▶ _WHAT YOU NEED TO DO_:
For the data below, retype word for word the lines from the one containing "Nasiol Cleanion Pro" through the one containing "Travel Makeup Set, Black, L+M+SLIM"; drop the pictures.

▶ _SUPPLIED MATERIAL_:
......

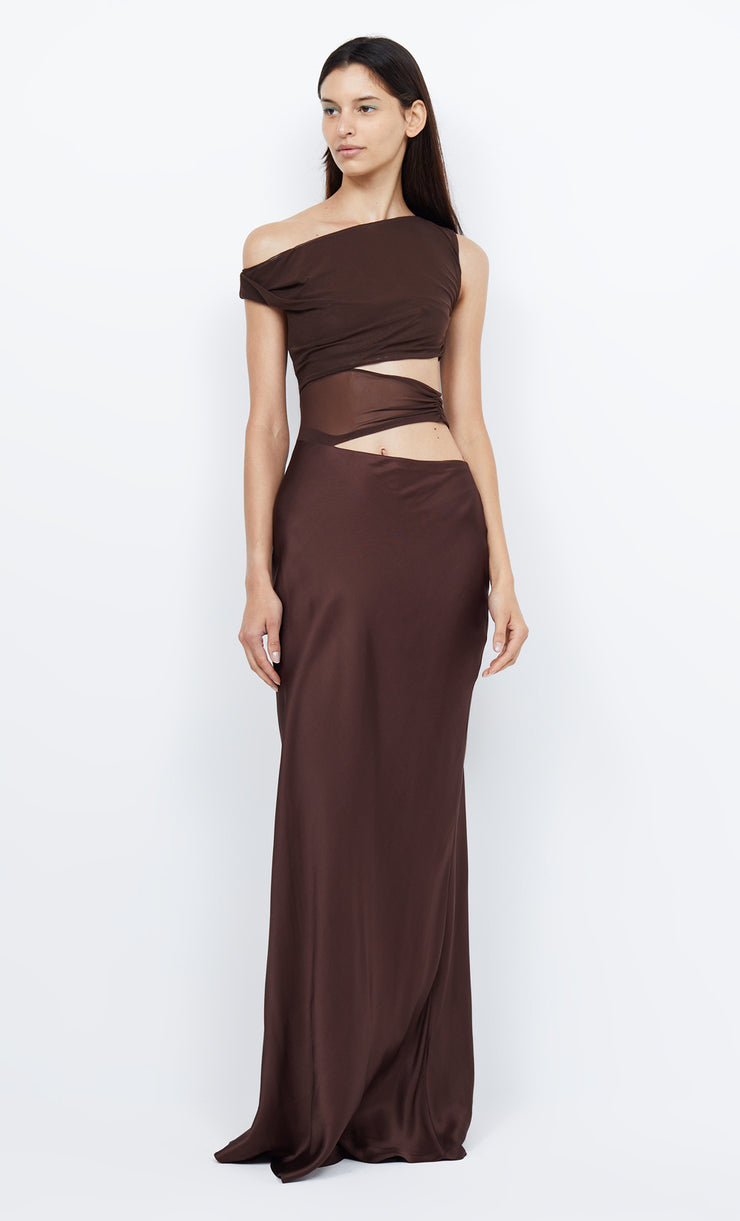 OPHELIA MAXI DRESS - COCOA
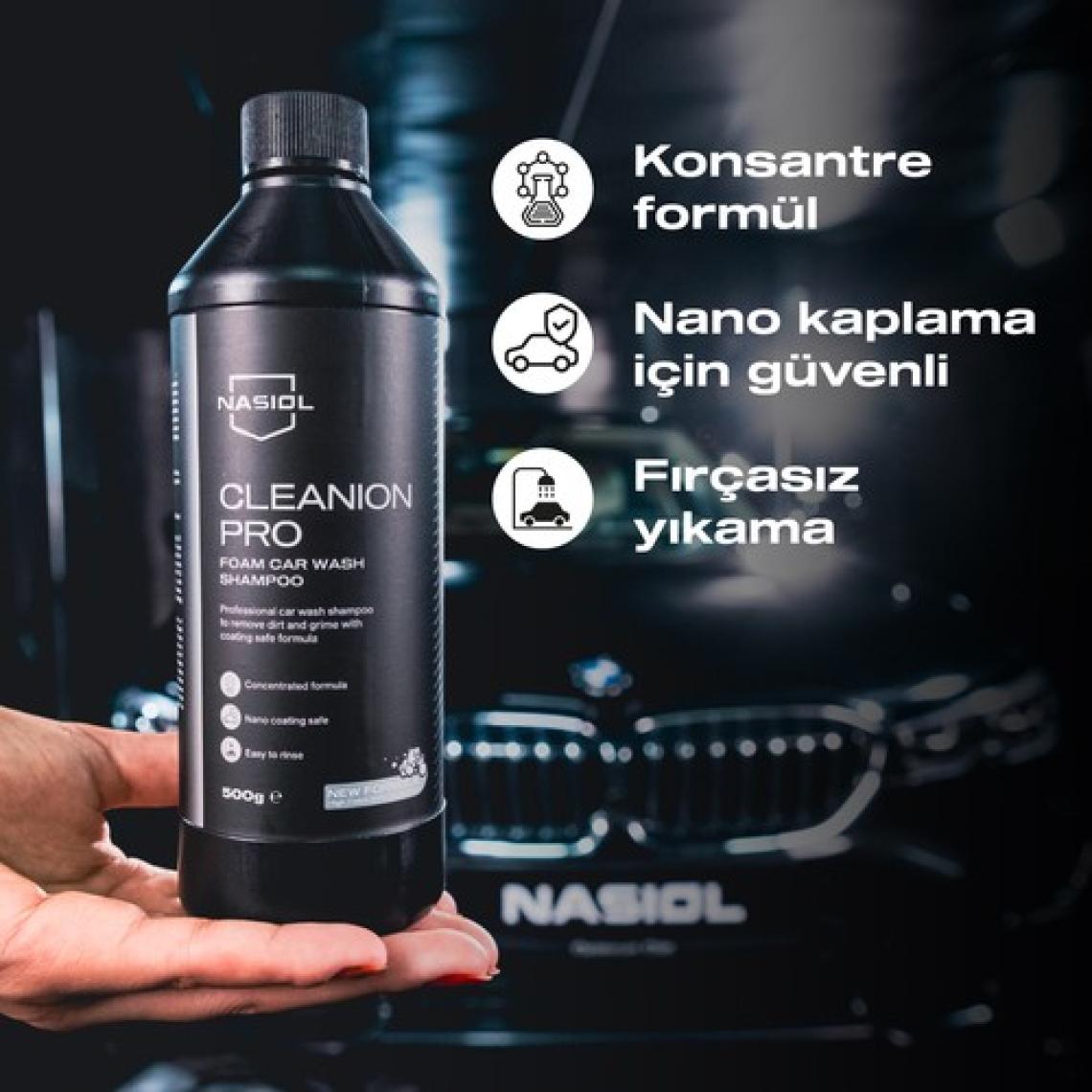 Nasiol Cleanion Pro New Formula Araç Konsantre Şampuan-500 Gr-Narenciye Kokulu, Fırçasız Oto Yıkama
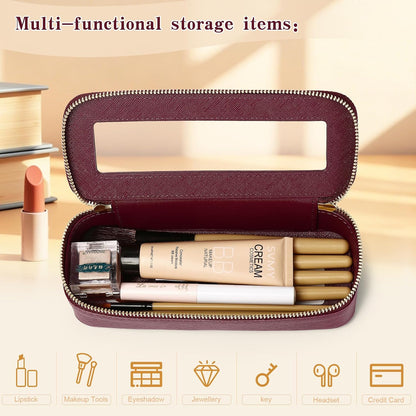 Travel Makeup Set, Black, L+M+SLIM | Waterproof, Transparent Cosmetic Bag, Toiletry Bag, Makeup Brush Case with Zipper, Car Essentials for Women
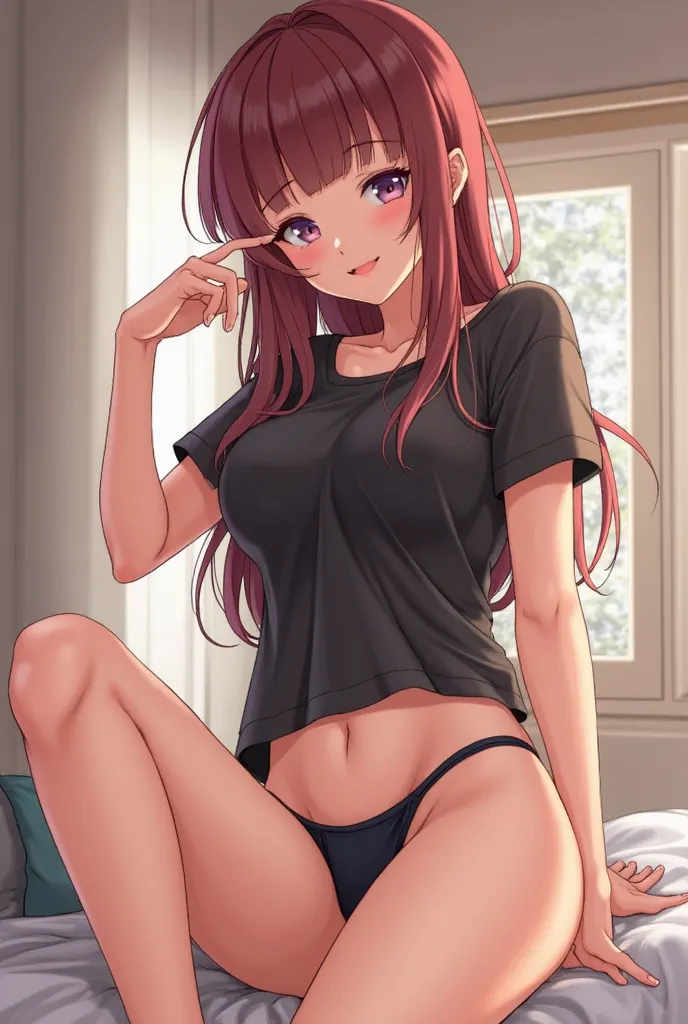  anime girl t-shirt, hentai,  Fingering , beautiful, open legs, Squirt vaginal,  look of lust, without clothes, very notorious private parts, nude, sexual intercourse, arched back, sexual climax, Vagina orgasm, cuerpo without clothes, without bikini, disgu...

......

▶ _YOUR RESPONSE_:
 Nasiol Cleanion Pro New Formula Araç Konsantre Şampuan-500 Gr-Narenciye Kokulu, Fırçasız Oto Yıkama
 Travel Makeup Set, Black, L+M+SLIM | Waterproof, Transparent Cosmetic Bag, Toiletry Bag, Makeup Brush Case with Zipper, Car Essentials for Women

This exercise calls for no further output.